Le même jour, dans le plus grand des anonymats, l’équipe de McCourt décide pourtant d’attirer un des grands milieux croates de sa génération. Oubliez les ringards Modric et Rakitic. Pensez au doux toucher de balle de Sertic. Zéro but et une passe décisive en trois saisons, c’est tout de même une passe de plus que ce qu’on attendait de lui.
Une finale de perdue, zéro de retrouvée
Après avoir terminé la première saison à la 5e place, l’Olympique de Marseille finit 4e la seconde. Renforcé par les jeunes prometteurs Mandanda (32 ans), Rami (32 ans) et Gustavo (30 ans), l’OM passe un cap avec la signature d’un top buteur, arraché à son club le 31 août, à la toute dernière heure du mercato. Marseille réalise un coup de poker en signant pour « seulement » 15 millions d’euros Kostas Mitroglou. Soit tapis avec une paire de 2. Il arrive blessé, et pour 4 ans. On ne sait pas ce qui est le pire.

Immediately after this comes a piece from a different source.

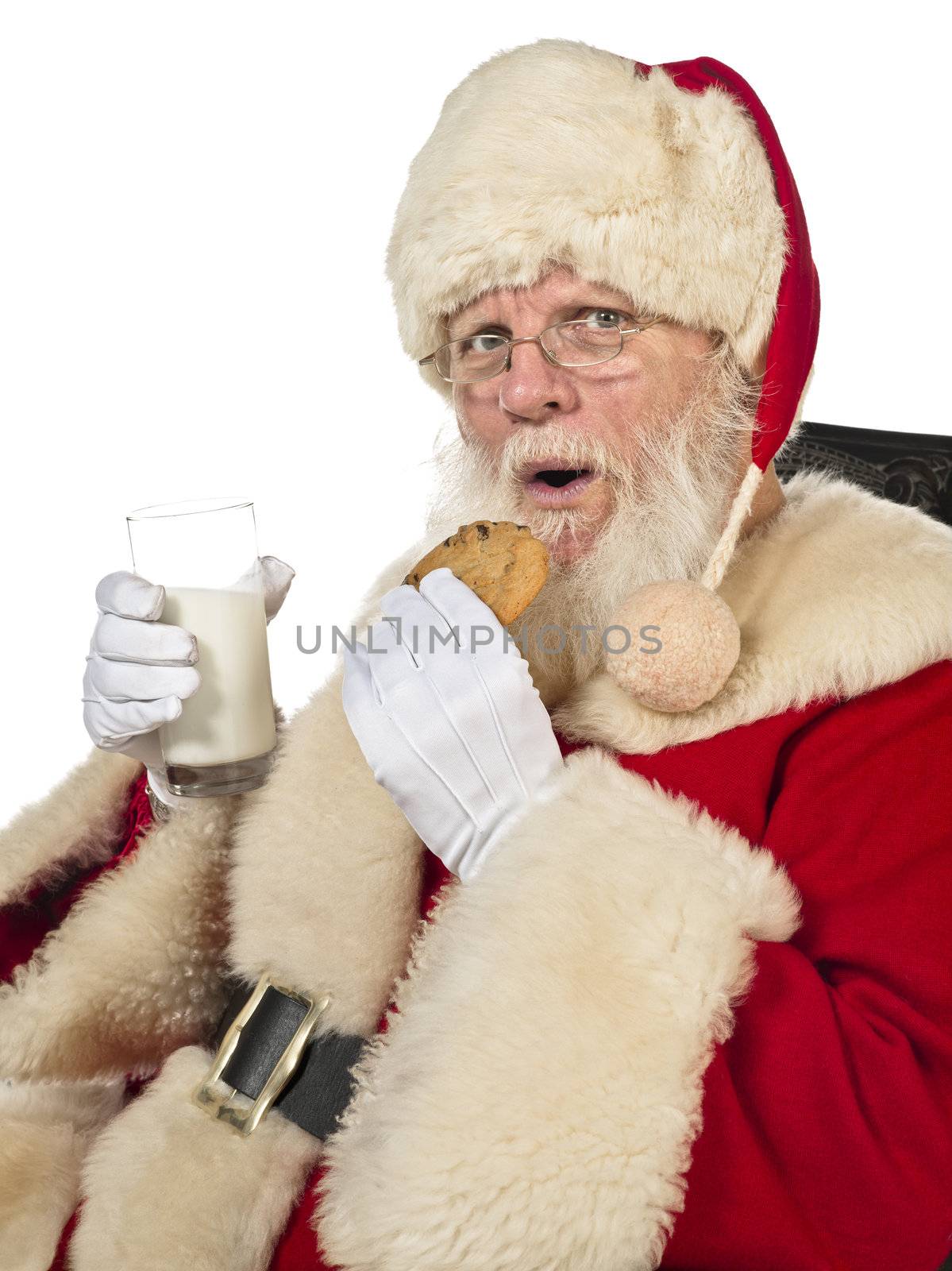 Portrait of santa claus drinking milk and eating cookies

Les marseillais parviennent en seulement trois jours à réaliser un Grand Chelem rare dans l’histoire du football. Perdre une finale de Coupe d’Europe (3-0 contre l’Atlético Madrid) et rater la qualification pour la Ligue des champions pour un seul petit point. C’est Marseille Bébé.
Grâce à l’arrivée de Strootman pour 25M hors taxe, la saison suivante sera bien moins cruelle. Pas question de récidiver cette foutue faute professionnelle les ayant envoyés en finale de la Ligue Europa. Cette fois-ci, c’est une élimination dès les poules. 0 victoire, 1 match nul et 5 défaites. Dont un revers 3-1 face aux vignerons de l’Apollon Limassol. Exquis.
Si « le groupe vit bien » comme aimait à le dire Garcia, c’est moins le cas pour la situation financière du club. L’année dernière McCourt a dû faire face à un déficit d’exploitation atteignant près de 91 millions d’euros. Une gestion millimétrée du club.
On se quitte avec cette promesse de Frank McCourt, tenue à l’occasion de la conférence de presse lors du rachat de l’OM : « Je veux gagner la Ligue des Champions ». Et le pire, c’est qu’il n’y a aucune erreur de traduction.